Many of His own children have had to confront what was
bitter and painful—leaving the quiet nooks and valleys of life for
the storm-clouds of the tempestuous mountain. Let them trust their
sure, unfaltering Guide, that He will bring light out of darkness, and show
that, often in an apparently adverse lot, there are undreamt-of blessings in
reversals either for themselves or for others. "To think," says Lady
Powerscourt, "that led by Him we are safe from everything.
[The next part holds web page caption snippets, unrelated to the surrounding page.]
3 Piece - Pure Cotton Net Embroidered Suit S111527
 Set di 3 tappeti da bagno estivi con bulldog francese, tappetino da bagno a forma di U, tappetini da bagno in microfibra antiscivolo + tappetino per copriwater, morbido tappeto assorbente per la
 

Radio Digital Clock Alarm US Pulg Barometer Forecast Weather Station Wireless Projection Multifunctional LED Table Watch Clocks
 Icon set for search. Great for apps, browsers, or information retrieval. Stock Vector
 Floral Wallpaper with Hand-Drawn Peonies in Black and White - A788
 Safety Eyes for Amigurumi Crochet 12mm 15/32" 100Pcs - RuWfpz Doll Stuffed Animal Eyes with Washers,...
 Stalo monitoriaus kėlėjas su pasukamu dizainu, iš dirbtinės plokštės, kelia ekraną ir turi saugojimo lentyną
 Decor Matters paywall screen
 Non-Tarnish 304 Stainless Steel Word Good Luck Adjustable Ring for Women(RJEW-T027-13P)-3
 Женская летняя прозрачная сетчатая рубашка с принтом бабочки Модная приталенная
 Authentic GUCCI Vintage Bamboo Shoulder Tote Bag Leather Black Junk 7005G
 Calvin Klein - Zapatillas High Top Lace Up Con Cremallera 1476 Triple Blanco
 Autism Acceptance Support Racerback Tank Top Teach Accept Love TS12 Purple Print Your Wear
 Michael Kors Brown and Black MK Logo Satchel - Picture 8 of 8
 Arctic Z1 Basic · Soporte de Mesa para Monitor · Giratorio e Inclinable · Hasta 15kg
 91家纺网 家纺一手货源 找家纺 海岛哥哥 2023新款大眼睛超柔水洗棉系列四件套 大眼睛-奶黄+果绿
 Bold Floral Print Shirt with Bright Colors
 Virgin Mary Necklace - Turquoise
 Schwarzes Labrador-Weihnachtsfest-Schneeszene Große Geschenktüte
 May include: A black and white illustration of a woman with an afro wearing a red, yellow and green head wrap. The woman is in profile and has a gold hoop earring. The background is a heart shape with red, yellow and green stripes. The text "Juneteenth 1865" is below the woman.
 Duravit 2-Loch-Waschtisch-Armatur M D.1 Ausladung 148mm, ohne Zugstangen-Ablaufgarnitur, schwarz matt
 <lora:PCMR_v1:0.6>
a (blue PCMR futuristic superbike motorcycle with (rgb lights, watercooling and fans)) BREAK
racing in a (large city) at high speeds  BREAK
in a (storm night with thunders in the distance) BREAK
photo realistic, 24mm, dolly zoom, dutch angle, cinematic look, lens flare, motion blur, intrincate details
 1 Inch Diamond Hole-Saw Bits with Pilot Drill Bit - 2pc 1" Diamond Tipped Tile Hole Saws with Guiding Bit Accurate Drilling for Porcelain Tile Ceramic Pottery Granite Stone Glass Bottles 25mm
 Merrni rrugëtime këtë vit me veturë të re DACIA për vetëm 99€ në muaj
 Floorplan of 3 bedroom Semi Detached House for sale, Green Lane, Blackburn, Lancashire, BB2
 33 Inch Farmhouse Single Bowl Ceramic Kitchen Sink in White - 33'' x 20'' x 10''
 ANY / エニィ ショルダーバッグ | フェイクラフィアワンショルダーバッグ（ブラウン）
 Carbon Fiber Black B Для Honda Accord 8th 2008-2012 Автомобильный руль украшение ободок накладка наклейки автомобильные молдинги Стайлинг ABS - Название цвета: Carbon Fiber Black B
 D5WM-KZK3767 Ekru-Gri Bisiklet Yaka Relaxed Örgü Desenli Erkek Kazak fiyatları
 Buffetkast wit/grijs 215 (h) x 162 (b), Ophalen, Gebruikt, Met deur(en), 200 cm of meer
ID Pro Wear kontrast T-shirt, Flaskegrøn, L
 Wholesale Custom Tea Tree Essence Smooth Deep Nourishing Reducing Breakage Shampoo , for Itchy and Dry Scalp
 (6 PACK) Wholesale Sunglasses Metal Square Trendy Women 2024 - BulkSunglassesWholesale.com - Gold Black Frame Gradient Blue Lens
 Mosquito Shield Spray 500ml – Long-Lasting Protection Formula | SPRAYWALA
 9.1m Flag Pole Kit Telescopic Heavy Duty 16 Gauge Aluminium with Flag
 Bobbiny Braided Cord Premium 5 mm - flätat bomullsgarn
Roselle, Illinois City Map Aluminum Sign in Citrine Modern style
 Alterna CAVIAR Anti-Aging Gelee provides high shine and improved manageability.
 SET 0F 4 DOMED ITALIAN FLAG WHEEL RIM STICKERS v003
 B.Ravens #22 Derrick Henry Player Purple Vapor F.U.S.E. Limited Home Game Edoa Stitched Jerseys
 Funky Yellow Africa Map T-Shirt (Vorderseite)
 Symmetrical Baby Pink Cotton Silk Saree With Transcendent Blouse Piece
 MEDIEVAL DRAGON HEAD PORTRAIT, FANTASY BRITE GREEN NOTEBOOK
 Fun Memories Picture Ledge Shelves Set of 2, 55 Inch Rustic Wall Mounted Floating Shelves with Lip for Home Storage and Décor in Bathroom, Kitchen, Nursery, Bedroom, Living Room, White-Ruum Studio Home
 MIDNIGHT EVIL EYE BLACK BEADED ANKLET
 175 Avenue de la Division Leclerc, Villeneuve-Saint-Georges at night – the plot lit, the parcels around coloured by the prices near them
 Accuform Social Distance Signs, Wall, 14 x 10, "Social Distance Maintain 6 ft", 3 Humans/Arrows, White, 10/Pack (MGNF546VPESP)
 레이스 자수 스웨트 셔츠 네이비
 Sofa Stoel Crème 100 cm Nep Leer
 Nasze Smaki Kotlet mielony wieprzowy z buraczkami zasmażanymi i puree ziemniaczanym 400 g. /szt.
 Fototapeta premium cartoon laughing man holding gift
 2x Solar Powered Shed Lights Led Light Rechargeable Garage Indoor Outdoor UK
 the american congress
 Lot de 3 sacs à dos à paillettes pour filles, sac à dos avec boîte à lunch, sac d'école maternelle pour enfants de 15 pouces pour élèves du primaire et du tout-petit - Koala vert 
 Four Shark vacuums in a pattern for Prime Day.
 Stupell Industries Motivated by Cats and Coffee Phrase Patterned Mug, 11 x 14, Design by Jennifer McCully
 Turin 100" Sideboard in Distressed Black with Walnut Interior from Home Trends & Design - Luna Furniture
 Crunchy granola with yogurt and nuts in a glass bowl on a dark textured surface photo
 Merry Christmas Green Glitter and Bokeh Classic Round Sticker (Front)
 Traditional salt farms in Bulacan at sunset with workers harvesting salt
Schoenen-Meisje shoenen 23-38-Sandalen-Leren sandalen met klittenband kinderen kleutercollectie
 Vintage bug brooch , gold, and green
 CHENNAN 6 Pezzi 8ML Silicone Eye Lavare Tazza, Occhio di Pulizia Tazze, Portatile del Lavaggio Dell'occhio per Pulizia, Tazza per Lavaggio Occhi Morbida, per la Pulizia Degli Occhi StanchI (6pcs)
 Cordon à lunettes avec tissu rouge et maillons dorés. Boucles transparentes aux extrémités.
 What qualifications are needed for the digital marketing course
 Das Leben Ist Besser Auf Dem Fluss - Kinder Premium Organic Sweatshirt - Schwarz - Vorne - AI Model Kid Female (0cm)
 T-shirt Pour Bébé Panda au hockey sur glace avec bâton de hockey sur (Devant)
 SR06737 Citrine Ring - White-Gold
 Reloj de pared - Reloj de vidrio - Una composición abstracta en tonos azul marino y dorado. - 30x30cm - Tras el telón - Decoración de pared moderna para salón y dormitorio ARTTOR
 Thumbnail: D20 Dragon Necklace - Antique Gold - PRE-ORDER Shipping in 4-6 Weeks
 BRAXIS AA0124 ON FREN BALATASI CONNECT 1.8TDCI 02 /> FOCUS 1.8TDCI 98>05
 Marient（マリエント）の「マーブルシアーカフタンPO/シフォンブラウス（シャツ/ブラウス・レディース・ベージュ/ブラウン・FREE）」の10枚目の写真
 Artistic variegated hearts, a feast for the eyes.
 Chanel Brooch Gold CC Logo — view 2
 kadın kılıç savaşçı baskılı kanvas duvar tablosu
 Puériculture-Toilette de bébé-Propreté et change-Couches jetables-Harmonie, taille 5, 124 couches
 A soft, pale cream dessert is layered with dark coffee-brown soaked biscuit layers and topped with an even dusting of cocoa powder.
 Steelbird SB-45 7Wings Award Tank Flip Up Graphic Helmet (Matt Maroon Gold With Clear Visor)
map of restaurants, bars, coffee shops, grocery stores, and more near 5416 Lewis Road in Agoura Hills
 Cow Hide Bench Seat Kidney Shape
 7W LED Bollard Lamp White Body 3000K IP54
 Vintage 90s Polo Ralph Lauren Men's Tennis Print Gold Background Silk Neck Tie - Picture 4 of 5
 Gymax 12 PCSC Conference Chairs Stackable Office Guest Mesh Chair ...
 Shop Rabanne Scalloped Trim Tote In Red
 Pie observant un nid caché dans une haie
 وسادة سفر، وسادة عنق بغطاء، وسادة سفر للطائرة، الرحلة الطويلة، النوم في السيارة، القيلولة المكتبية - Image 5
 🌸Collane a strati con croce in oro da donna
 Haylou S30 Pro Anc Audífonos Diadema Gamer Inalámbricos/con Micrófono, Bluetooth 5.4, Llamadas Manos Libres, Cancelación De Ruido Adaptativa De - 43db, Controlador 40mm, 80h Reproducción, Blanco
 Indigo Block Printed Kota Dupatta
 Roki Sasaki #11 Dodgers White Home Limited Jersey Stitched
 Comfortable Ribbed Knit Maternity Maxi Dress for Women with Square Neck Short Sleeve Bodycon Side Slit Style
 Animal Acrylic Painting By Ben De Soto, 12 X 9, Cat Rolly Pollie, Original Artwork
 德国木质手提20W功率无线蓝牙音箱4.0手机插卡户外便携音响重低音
No evil shall
ever touch us—evil at the end, or evil on the way—all is paved
with love." There ought, indeed, to be no such thing as 'misfortune' or
'accident' in the vocabulary of the children of God. Theirs may not be the
bright way, the pleasant way, the way of their own
choosing. It may be the very reverse. It may be thorny and
sunless and rugged. But it is His appointing, and therefore must
be "the right way."
Meanwhile be it ours to sit in calmness and confidence
under the shadow of our wilderness palm, feeling assured that the day is
coming when, with ingathered Israel, we shall be able—no longer in the
desert encampment, but within 'the gates of the city'—to take up the noble
strain of which our motto-verse forms a part—
"O give thanks unto the Lord, for He is good,
For His mercy endures forever.
Let the redeemed of the Lord say so,
Whom He has redeemed from the hand of the enemy.
And gathered them out of the lands,
From the east, and from the west,
from the north, and from the south.
They wandered in the wilderness in a solitary way;
They found no city to dwell in.
Hungry and thirsty, their soul fainted in them.
Then they cried unto the Lord in their trouble,
And He delivered them out of their distresses.
And He led them forth by the right way,
That they might go to a city of habitation.
O that men would praise the Lord for His goodness,
And for His wonderful works to the children of men!"
"My Presence will go with you, and I will give you rest."